Marie Terrieux, directrice de la Fondation François Schneider à Wattwiller (Haut-Rhin)
« La Fondation située dans le village de Wattwiller, en Alsace, a fermé plus tôt que d’autres lieux en France. Dès le 7 mars, nous avons commencé par limiter les jauges suite aux directives prises dans la région, car nous avons été les premiers touchés. Notre exposition « L’eau dessinée » devait se terminer fin mars, des dizaines de classes avaient prévu des visites guidées, elles n’auront pas la possibilité de venir. Nous étions en train de terminer des ateliers avec un scénariste et 15 patients d’un hôpital psychiatrique de la région, l’œuvre en cours est inachevée… Depuis un an, je prépare une grosse exposition avec le musée du Quai Branly-Jacques Chirac, « Les territoires de l’eau », faisant dialoguer notre fonds d’art contemporain avec des objets et œuvres extra-européens, qui devait se monter début avril et ouvrir mi-mai. Nous avons tout de suite décidé de la reporter à septembre. En soi, reporter une exposition n’est pas catastrophique, mais ça l’est pour toute la chaîne de collaboration, car nous produisons entièrement toutes nos expositions in situ. Beaucoup des intervenants sont des indépendants ou des petites entreprises, certains des artistes. Cela met à mal leur économie. Pour nous, le manque à gagner viendra de la billetterie. L’été dernier, les 8000 visiteurs de l’exposition de Céleste Boursier-Mougenot avaient généré 15 000 euros de recettes ; cet été, je tablais sur plus de 10 000 visiteurs… La Fondation emploie huit personnes, dont une partie est au chômage partiel. La Fondation a la chance de ne pas être dépendante de subventions, mais nous devons rester prudents. Fondation philanthropique reconnue d’utilité publique, elle est autonome grâce aux revenus financiers et immobiliers générés par la donation initiale faite par François Schneider. Avec l'effondrement des marchés et le report de paiement de certains loyers, notre trésorerie courante sera sans doute fragilisée, il faudra revoir l’envergure des projets. Je suis très triste pour notre environnement et pour la situation sanitaire à Mulhouse, où je vis. Psychologiquement, c’est difficile pour certains de mes collaborateurs, qui sont isolés chez eux.
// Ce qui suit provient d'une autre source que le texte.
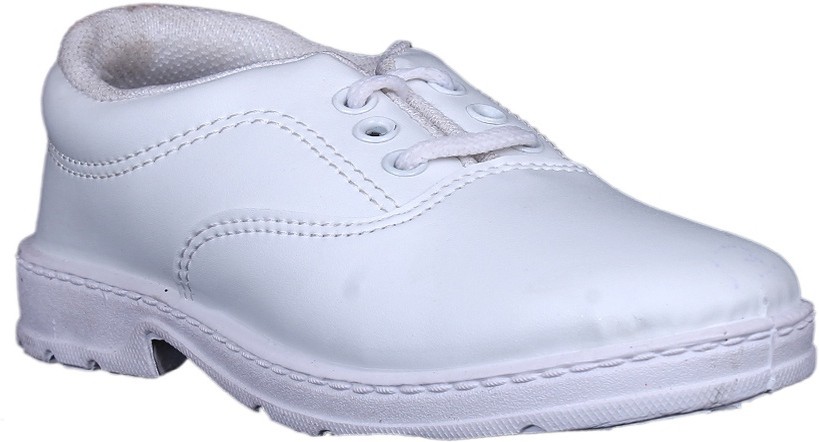 Dynamic Boys School Shoes White 2001 Lace Up Shoes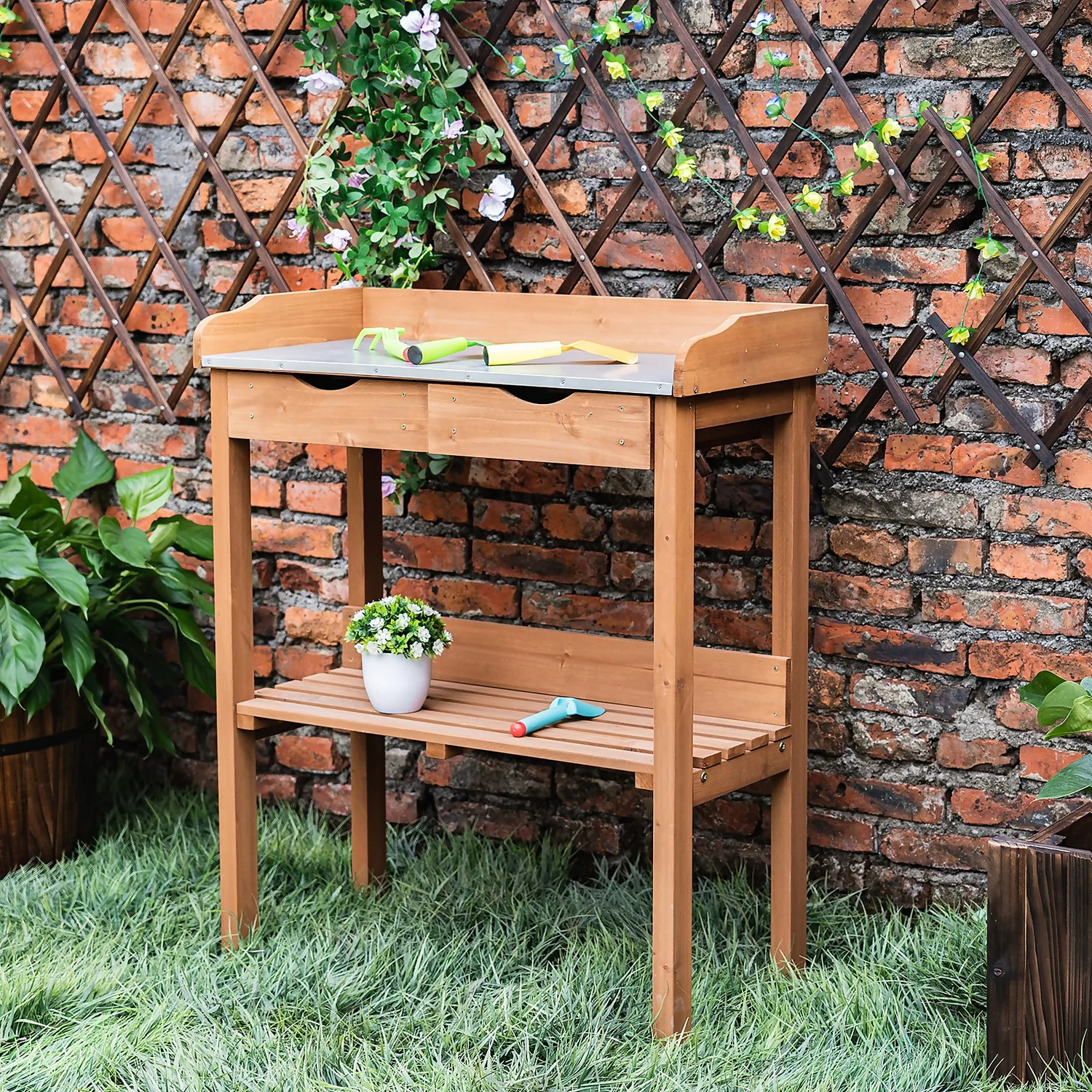Garden Potting Bench With Two Drawers & Shelf 4 Garden Potting Bench With Two Drawers & Shelf - Image 2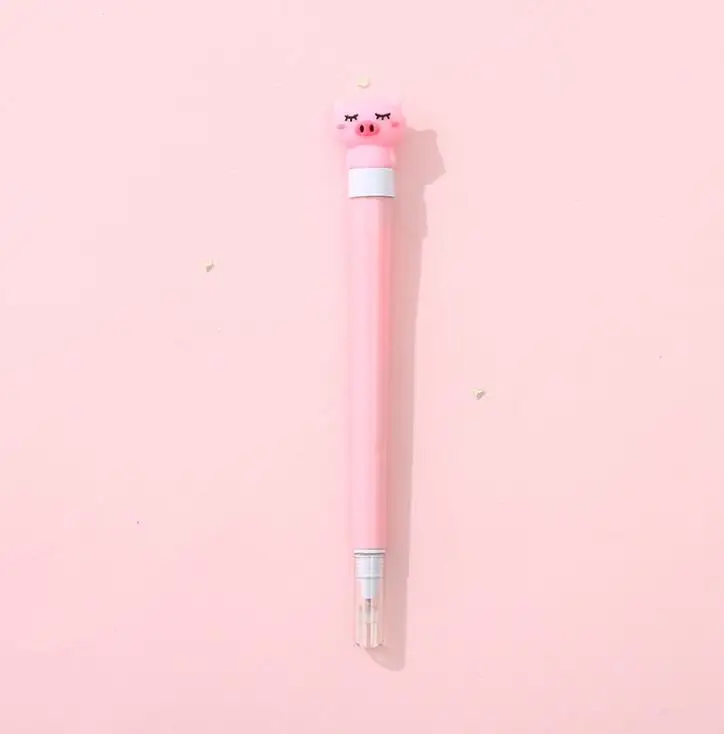 pig pink 1 шт. 0,5 мм Kawaii Мультфильм Единорог кролик освещение черные чернила гель детская ручка подарок школьные офисные канцелярские принадлежности - Цвет: pig pink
Mais nous trouvons des solutions, avançons, prenons des nouvelles les uns des autres et programmons de superbes expositions et projets pour les trois prochaines années ! »
« C’est en ayant une attitude positive que l’envie d’art se fera sentir »
Nathalie Obadia, galeriste
« Dès la semaine qui a précédé l’annonce de toutes les restrictions gouvernementales, nous nous étions organisés avec mon équipe pour bénéficier de tous les outils nécessaires pour aborder le confinement en télétravail. Il fonctionne parfaitement depuis deux semaines, car chacun est discipliné et responsable. Dès 10 h chaque matin, chacun derrière son ordinateur ou à la manœuvre avec tous les outils sophistiqués comme WhatsApp et les vidéoconférences, nous faisons le point sur les dossiers en cours et tenons un planning très précis des activités, comme le contenu des réseaux sociaux, la finalisation de la monographie de Wang Keping ou les préparations des prochaines expositions. Cette période inédite où la perception de la notion de « temps » est différente permet d’échanger plus fréquemment avec les artistes. Ils sont des leçons de sagesse, comme Sarkis qui regarde son atelier avec sa webcam et dessine chez lui, ou Laure Prouvost qui met à profit cette période pour travailler avec ses enfants à ses côtés. Mais mon objectif principal consiste à préparer le retour au travail « pour de vrai » : retour à la galerie, vernissages des nouvelles expositions et des foires avant la période estivale. Paris a tous les atouts pour être la ville du réveil de la scène artistique en Europe, avec nombre de galeries dynamiques, dont certaines étrangères seront heureuses de reprendre une activité. Ensemble aussi, avec certaines foires, on se doit d'imaginer des événements communs, et ainsi les collectionneurs reprendront le chemin des galeries. C’est en ayant une attitude positive que l’envie d’art se fera sentir. »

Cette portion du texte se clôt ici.